Luckily the guy at the Thrifty rent-a-car shop didn’t inspect the buggy too
closely when he gave Tim his credit card slip back. We wisely decided not to
tell him that it had started making a strange banging noise after we had
driven it down a particularly steep and cobbled road.
That evening we caught
the ferry back to Buenos Aires and then an overnight bus to Cordoba.
The bus we chose was the most expensive one available. The journey started
with a bible reading, then dinner. The next morning I was awoken by the
hostess thanking God for the new day. As it was my first bus journey in
Argentina I asked if all the bus companies did this. No, came the reply.
Only this one.
Cordoba is Argentina’s historic university city and therefore is swarming with
young students.
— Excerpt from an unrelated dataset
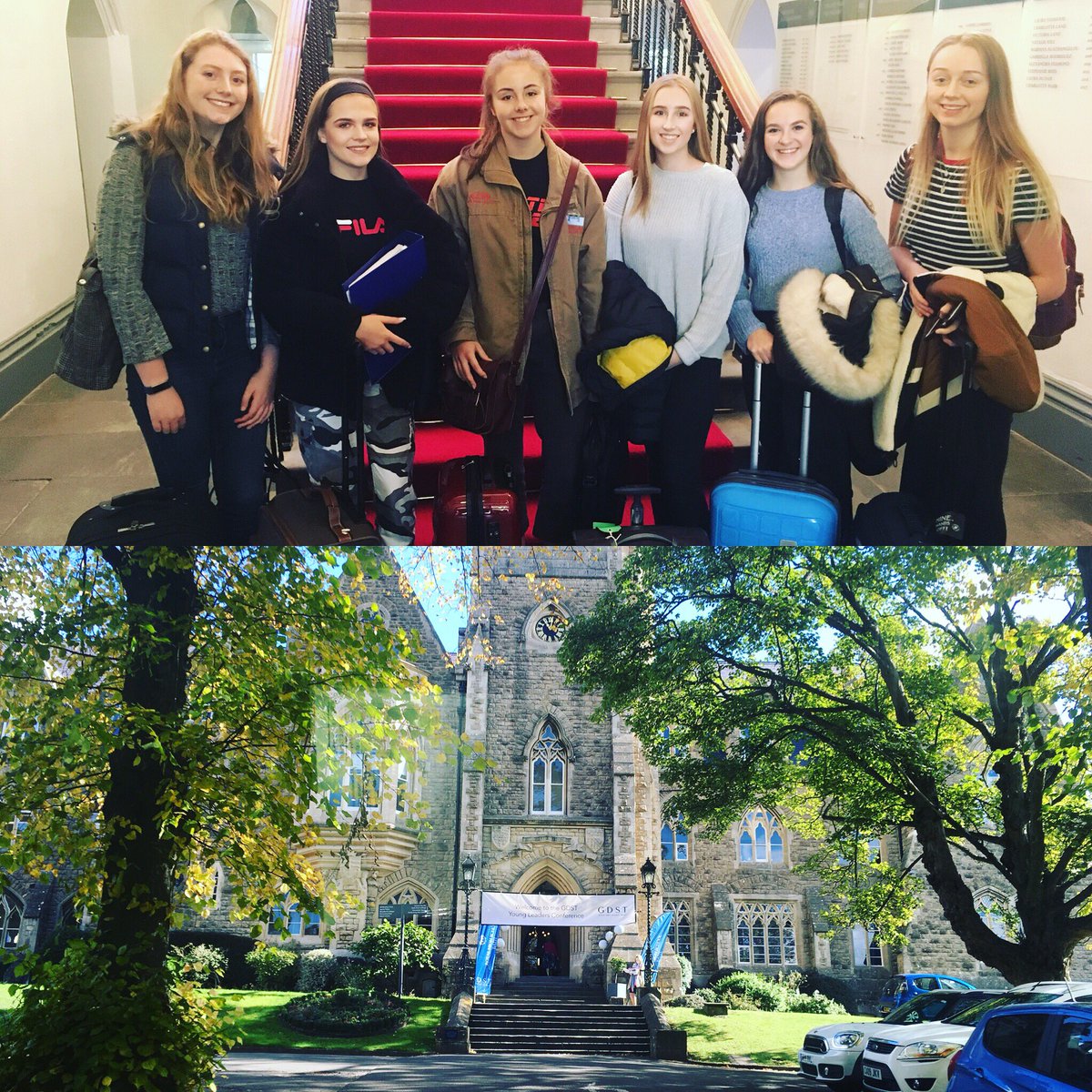 Sheffield Girls' Sixth Form tweet media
Many of them wander around in the white robes of medical
students, of which the town is famous for. I arranged to meet Tim in one of
the city’s many plazas. He turned up with a feverishly hot Californian babe
(Elizabeth’s own description of herself) who we had previously met in Buenos
Aires. They had also arranged to meet up with a couple of other backpackers
for dinner later. We returned to the hostel to change for dinner and bumped
into someone else we already knew. Ross, a Scottish guy with the most
obnoxious shoes on the planet. One night in Buenos Aires the smell was so
bad that it kept me awake. I quickly dealt with the shoes but was awoken
later by Ross coming back from a club and collapsing in fits of laughter
when he saw what had been done to his trainers.
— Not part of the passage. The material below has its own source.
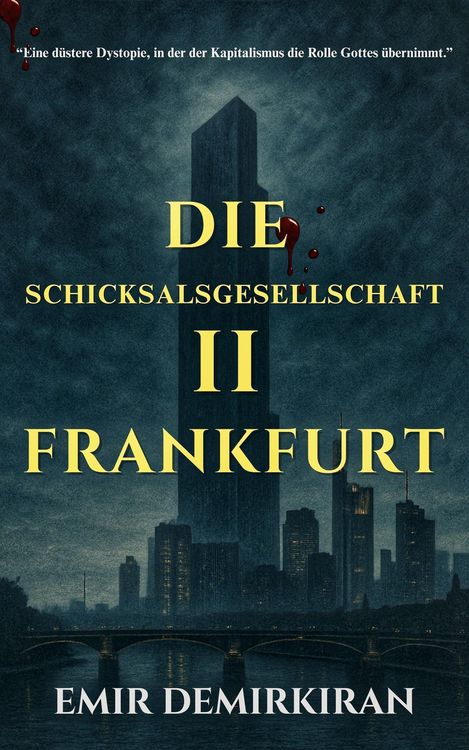 Produktbild: Die Schicksalsgesellschaft II  Frankfurt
The conversation around the dinner table mostly consisted of telling Tim and
myself how sick we would get in Bolivia. We were also served by a waiter so
useless we started calling him Manuel.
Thursday, September 19th, Elizabeth, Tim and myself all spent the day
finding ways to waste time until the overnight bus left for Mendoza. We took
a city tour, walked around a bit, used the internet, sat in a cafe and
eventually gave up and went to sit in the bus station.